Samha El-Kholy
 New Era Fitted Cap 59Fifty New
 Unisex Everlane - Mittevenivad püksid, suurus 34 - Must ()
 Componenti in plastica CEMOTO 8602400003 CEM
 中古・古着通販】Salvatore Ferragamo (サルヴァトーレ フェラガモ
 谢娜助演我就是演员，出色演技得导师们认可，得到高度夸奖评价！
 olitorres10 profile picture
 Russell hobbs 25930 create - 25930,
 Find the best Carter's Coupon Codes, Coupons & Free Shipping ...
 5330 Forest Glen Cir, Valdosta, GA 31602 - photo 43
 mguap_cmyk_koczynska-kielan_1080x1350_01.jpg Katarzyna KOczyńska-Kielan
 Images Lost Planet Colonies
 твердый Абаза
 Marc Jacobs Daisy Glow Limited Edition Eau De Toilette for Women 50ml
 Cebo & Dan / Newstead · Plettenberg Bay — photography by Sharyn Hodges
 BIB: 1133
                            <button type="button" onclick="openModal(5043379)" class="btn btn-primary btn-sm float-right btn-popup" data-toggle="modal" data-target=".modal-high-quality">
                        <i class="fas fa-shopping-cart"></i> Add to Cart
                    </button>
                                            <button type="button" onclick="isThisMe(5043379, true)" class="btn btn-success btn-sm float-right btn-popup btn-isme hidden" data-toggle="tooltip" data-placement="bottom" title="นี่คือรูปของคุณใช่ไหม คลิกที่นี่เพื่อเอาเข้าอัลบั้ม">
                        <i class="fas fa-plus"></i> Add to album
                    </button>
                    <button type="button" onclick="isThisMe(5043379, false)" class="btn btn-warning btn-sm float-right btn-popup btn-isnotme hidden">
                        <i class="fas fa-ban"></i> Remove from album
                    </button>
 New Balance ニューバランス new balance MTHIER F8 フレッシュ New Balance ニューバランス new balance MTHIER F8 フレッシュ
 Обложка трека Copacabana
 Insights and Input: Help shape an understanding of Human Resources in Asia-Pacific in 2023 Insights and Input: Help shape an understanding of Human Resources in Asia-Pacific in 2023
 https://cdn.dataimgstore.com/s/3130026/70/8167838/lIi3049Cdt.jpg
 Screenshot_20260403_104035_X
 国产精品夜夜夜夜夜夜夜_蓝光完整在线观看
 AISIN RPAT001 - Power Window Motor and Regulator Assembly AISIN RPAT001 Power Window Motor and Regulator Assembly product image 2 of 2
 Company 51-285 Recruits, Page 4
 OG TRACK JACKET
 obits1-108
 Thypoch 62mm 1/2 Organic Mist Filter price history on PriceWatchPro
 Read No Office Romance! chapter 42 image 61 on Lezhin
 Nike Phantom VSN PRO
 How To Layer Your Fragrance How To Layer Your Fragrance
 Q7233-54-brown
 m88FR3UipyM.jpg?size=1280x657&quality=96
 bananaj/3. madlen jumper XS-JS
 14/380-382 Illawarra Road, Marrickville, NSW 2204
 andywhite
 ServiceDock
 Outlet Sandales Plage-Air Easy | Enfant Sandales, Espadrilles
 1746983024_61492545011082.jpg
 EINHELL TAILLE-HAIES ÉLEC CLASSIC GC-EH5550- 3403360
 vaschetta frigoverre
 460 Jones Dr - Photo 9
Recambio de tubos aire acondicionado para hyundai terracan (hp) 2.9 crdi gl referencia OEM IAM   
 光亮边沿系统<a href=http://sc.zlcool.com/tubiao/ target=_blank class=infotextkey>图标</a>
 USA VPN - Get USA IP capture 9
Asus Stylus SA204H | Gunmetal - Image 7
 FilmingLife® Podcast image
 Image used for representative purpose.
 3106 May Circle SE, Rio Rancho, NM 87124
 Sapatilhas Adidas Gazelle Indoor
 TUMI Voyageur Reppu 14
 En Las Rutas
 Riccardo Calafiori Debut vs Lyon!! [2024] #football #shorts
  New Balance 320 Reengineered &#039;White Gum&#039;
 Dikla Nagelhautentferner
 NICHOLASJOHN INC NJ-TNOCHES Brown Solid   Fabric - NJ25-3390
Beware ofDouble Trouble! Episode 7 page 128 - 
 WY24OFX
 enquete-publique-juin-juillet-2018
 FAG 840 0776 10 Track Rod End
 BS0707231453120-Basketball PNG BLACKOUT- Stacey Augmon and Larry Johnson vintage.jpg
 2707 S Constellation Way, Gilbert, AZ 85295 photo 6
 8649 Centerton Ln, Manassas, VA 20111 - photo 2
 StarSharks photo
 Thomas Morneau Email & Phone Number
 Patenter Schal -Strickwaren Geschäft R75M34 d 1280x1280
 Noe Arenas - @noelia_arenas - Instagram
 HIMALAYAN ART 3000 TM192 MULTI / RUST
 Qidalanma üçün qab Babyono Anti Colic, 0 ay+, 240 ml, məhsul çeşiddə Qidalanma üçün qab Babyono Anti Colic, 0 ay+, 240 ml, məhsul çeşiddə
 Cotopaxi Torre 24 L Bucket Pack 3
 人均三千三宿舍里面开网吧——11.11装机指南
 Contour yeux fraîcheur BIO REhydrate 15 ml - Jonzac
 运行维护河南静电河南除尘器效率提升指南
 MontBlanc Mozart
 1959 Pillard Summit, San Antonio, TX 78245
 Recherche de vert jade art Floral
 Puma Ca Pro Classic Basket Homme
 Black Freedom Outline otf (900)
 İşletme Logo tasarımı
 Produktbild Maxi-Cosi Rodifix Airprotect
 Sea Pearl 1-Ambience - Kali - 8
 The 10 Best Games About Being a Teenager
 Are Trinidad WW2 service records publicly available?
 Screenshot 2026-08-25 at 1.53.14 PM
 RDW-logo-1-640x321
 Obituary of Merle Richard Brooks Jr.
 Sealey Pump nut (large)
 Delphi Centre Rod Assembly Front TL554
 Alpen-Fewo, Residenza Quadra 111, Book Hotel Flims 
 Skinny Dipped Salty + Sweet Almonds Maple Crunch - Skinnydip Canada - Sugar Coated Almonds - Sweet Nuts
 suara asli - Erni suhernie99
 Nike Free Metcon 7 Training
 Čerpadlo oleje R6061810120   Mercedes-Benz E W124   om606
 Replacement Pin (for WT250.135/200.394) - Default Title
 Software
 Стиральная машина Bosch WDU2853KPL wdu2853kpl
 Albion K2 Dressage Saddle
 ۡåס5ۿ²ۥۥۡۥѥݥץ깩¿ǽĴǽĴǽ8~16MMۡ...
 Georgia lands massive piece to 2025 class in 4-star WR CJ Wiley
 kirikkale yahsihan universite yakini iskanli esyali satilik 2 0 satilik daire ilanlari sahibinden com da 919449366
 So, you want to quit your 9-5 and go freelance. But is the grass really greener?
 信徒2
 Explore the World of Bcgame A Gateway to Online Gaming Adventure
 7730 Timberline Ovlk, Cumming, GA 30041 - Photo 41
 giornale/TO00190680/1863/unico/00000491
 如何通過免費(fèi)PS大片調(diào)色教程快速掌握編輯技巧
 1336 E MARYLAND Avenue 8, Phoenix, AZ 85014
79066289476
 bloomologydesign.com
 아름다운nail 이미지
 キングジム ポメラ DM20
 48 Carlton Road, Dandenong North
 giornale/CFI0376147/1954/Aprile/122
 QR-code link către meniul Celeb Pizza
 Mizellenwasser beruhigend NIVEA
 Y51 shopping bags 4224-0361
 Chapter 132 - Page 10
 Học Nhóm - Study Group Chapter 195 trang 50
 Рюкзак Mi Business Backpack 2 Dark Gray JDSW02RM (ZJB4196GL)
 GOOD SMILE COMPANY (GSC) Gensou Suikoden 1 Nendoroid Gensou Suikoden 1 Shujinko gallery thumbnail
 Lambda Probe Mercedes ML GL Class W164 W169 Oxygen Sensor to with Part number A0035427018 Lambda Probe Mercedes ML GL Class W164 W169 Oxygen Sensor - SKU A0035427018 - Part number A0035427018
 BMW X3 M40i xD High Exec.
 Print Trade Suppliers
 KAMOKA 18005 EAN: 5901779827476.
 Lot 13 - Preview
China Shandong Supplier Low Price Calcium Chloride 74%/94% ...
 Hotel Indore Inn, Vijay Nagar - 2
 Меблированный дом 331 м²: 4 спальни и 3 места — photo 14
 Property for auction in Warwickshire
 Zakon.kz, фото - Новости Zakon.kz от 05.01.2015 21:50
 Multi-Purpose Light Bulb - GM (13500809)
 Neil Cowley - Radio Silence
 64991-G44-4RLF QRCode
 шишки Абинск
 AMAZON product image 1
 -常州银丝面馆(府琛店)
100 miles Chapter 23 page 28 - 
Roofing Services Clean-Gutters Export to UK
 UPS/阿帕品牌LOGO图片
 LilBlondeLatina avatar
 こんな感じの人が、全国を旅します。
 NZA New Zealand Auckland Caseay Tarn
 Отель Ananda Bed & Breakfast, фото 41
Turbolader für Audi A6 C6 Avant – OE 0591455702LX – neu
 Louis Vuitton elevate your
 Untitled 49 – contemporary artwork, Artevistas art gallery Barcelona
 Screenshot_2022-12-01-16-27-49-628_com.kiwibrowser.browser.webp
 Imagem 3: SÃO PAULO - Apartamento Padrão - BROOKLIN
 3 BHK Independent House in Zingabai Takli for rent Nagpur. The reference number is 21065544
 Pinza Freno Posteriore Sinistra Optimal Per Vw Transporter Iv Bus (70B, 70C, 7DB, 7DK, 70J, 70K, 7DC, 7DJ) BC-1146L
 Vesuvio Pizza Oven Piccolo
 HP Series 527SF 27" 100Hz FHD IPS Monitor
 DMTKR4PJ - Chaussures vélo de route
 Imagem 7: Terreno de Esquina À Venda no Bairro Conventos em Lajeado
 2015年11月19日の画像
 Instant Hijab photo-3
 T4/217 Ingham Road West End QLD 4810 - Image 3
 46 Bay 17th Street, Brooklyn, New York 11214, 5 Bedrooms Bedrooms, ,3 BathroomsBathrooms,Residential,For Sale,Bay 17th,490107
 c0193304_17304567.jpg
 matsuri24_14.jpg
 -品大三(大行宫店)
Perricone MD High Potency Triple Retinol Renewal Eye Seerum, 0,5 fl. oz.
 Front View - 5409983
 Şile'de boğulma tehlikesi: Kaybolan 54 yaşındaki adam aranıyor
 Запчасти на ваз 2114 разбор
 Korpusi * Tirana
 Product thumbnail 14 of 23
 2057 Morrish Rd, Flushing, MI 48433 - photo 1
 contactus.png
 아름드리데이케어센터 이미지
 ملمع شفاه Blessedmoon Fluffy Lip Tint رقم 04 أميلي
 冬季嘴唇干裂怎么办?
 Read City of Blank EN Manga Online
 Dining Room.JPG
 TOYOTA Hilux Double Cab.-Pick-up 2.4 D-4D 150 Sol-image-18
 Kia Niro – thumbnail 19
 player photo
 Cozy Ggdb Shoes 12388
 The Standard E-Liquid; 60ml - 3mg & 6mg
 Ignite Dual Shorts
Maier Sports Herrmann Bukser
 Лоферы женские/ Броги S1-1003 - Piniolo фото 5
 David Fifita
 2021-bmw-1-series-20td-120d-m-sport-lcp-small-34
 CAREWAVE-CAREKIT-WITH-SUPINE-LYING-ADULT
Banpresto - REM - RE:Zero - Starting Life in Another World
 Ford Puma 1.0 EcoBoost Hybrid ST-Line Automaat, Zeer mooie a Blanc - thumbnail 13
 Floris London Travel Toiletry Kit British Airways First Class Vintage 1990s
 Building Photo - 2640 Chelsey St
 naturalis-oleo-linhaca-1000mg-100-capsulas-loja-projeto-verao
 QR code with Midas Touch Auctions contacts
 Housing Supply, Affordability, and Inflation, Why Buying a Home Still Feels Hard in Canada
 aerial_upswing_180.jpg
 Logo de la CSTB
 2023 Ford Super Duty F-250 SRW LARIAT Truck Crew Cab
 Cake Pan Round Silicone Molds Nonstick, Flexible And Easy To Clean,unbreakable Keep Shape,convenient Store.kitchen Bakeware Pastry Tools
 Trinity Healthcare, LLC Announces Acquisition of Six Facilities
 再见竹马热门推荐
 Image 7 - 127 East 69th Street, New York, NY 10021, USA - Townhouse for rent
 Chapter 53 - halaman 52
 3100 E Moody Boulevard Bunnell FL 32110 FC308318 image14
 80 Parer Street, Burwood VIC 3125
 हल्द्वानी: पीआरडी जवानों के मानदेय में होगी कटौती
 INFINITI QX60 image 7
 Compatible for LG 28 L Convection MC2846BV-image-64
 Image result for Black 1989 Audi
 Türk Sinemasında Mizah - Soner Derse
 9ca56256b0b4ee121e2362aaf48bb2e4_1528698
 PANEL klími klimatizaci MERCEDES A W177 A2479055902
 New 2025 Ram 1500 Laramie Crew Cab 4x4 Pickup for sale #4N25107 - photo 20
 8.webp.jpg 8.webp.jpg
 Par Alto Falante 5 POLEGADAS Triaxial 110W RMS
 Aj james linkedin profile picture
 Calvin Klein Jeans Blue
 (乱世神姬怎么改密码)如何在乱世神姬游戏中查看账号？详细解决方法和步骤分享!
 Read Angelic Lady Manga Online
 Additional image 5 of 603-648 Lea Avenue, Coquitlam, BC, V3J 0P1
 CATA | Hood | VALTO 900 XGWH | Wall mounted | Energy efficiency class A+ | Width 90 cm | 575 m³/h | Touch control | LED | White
***
* **Your goal**
All lines above from the one with "Remove from album" to the one with "Обложка трека Copacabana", inclusive, should be copied exactly, and no other lines.

* **Exercise answer**
                        <i class="fas fa-ban"></i> Remove from album
                    </button>
 New Balance ニューバランス new balance MTHIER F8 フレッシュ New Balance ニューバランス new balance MTHIER F8 フレッシュ
 Обложка трека Copacabana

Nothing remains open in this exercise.